• Instructions to follow:
Transcribe the lines below verbatim, skipping the images.

Data section start

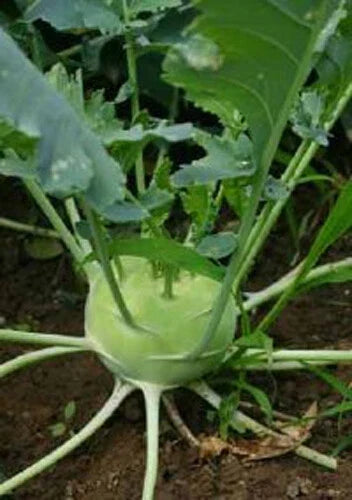 White Viena Kohlrabi Seeds – Organic Brassica oleracea Vegetable Seeds for Home Garden Planting, 300+ Seeds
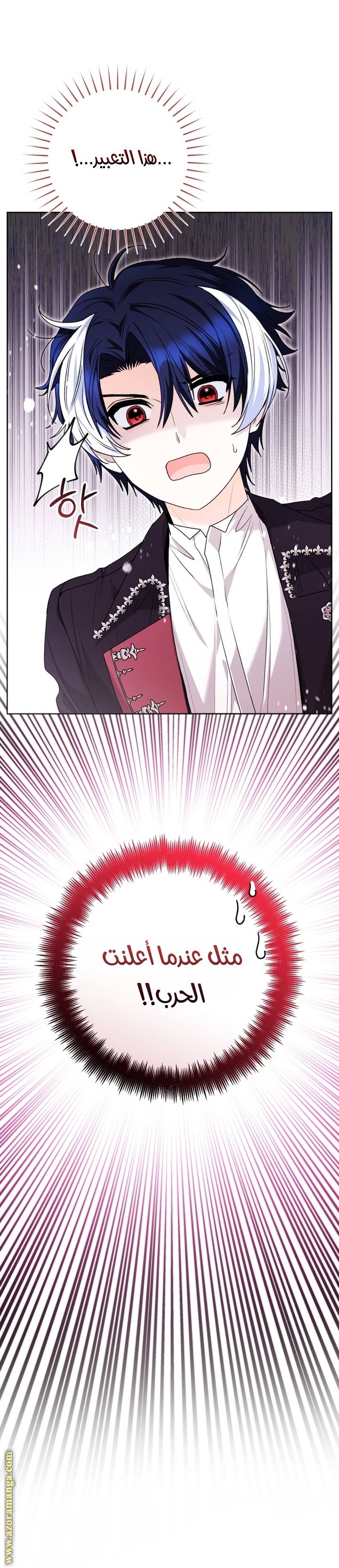 الصفحة 13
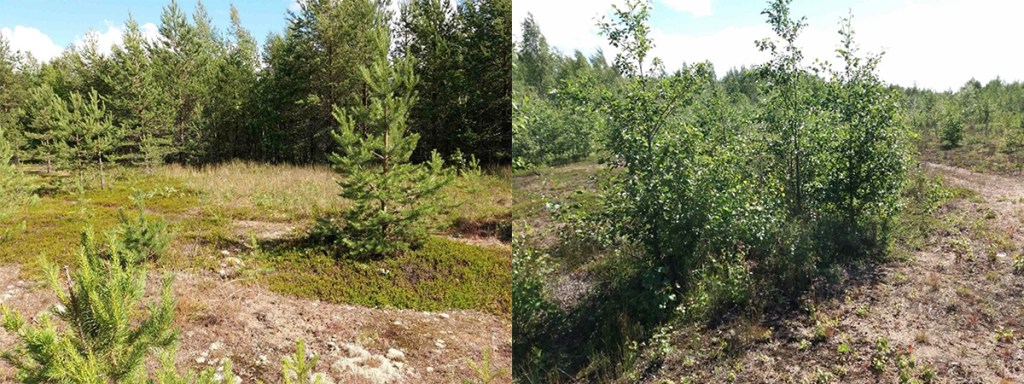 Pensoittunutta maastoa.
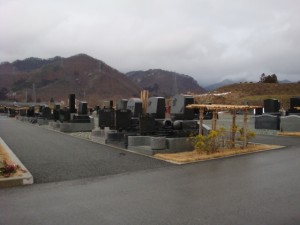 ゆっくりとした春の訪れ・・・。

Data section end

• Response box:
 White Viena Kohlrabi Seeds – Organic Brassica oleracea Vegetable Seeds for Home Garden Planting, 300+ Seeds
 الصفحة 13
 Pensoittunutta maastoa.
 ゆっくりとした春の訪れ・・・。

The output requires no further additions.